WHO launches Solidarity Response Fund
Every philanthropic organization and every individual can contribute to the fund launched by the WHO, the UN, and partnering organizations and companies. Every penny collected through the SOLIDARITY program will help fight the pandemic caused by the novel virus, SARS-CoV2. The Strategic Preparedness and Response Plan, aided by the money collected by the means of SOLIDARITY, will secure the lives of everyone involved in the horrid situation triggered by COVID-19. More information can be found here. Babu™ calls out: HELP!
47D11, a monoclonal antibody inhibiting SARS-CoV2 infection
Wang et al. (2020) from Utrecht University have developed a monoclonal antibody against SARS-CoV and SARS-CoV2 by using an ELISA-(cross)reactivity approach.

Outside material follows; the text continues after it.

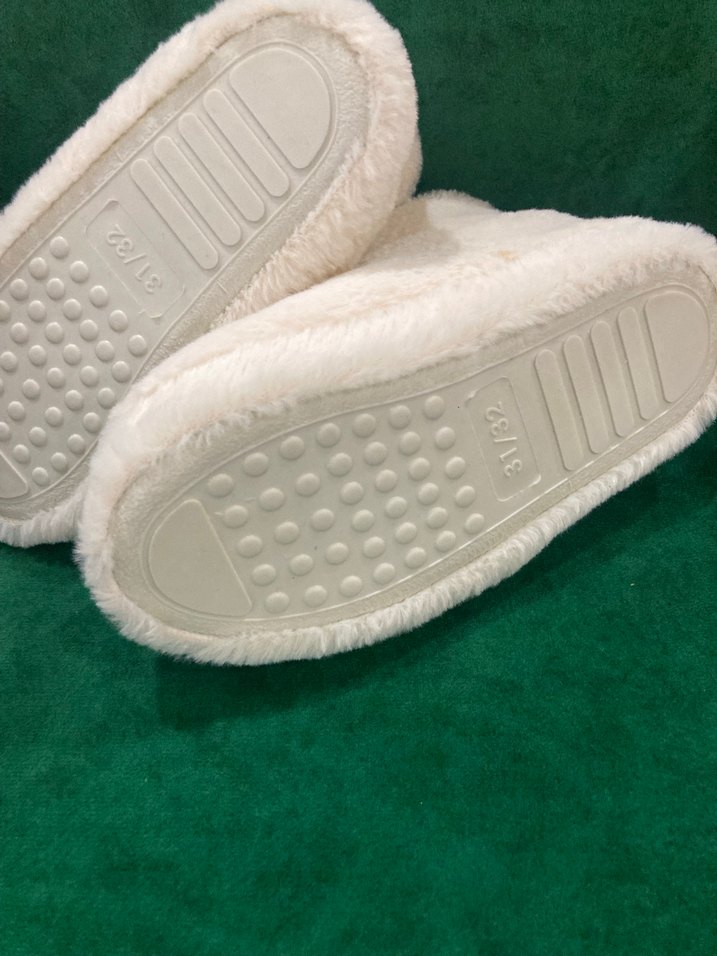 Kızlar için Beyaz Kürklü Ev Terliği - Görsel 3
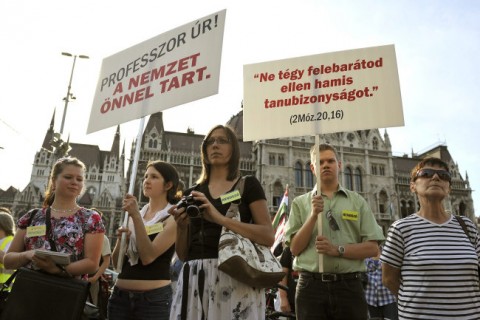 elolanc-magyarorszagert-tuntetes(210x140).jpg (Array)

The monoclonal antibody, named 47D11, binds the surfaces of the COVID-19 virus and neutralizes it. It is not certain yet how exactly the antibody eliminates the viral particles, but the study principals are sure that 47D11 does not act upon the S protein-ACE2 binding module.
Recovered patients still can be SARS-CoV2 positive
A small study done on 4 patients of COVID-19, who had previously recovered from SARS-CoV2, has indicated positive RT-PCR (diagnostic tool for SARS-CoV2) results 5 to 13 days later. This is only a small clinical study that must be expanded and more information will be available after more data will have been collected.